Last Updated: Friday - 09/24/2010
Week of November 10, 2008
Social Justice ethics and principles spill into all aspects of life
By VIRGINIA BATTISTE
Special to the WCR
Calgary’s Diocesan Social Justice Conference this year was different from the usual information-driven conference.
Rather than having the “big gun” presenters flown in, conference organizers decided to rely on local expertise and use a more interactive format.
Themed Faith in Action, the Nov. 1 conference at St. Gerard’s Church drew close to 70 participants from across the diocese.
Antal Prokecz, diocesan director of social justice, asked the group to reflect on the breadth of activity already going on that falls within the range of social justice ministry.
Heart of the Gospel
Prokecz said Church social teaching puts social justice and social action at the heart of the Gospel.
Quoting from John Paul II, he pointed out a person’s participation in the Eucharist can be judged by how they live out their encounter with God, especially in their social lives.
Justice is being in right relationship, having relationships that are life-giving and that recognize we are all made in the image of God, he said.
We are called to be Christ-like in encounters with one another. Social justice, it follows, is being in right relationship in society by relating in ways that bring others fully alive.
The Gospel message brings us into contact with God, and Jesus, and we then bring that into our social relationships, he said.
Prokecz suggested that if believers see themselves as being like God, they will act differently.

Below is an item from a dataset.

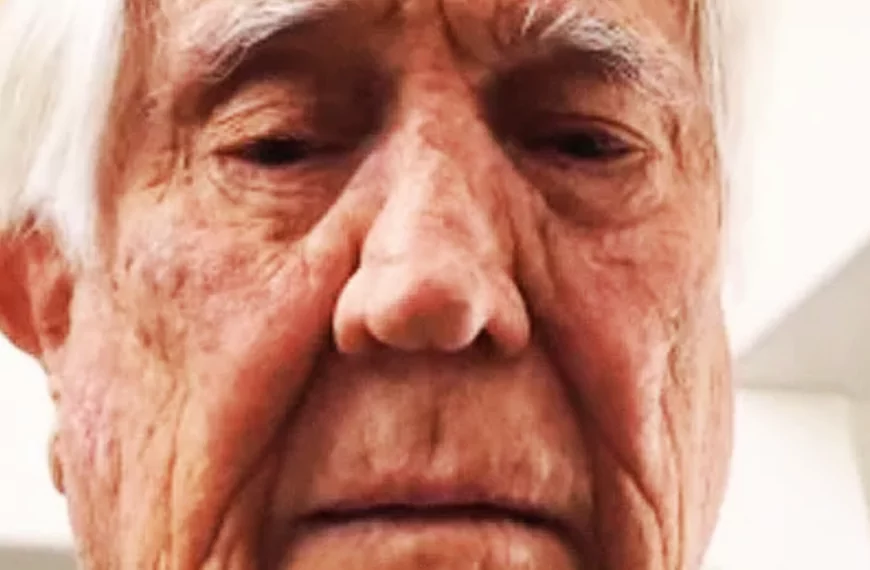 Deze legendarische acteur (84) was een damesidool in de jaren ’60 en de jongste James Bond aller tijden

They will see others as also made in the image and likeness of God, and worthy of respect. Because we become who we ought to be in a community, community relationships need to be healthy and life giving, focused on the common good.
According to Prokecz, human rights and responsibility go together.
“My rights are the other person’s responsibility, and their rights are my responsibility. If I only pursue my rights, I become self-centred. We are responsible for what is happening to us, as a community. I have to look after you.”
Participants were invited to list a range of activities that show the principles of social justice at work in their personal lives, their work environment, and their community and/or parish lives.
Once participants recognized the breadth of social justice possibilities, Prokecz suggested two possible options to bring action to a parish level.
One can pursue the establishment of a social justice committee or one can foster the collaboration of existing parish groups already involved with some aspect of social justice.
Social justice ministry
His recommendation was that instead of creating new structures, a social justice ministry creates synergy for action.
The focus must be on the people of God in the diocese, including those who are non-Catholic, and on meeting the needs of the poor and suffering, he said.
Promoting the interests of one more organization is often counterproductive, leading to competition for resources.
Being focused on building the people of God, through whatever means are at hand, can alleviate that competition.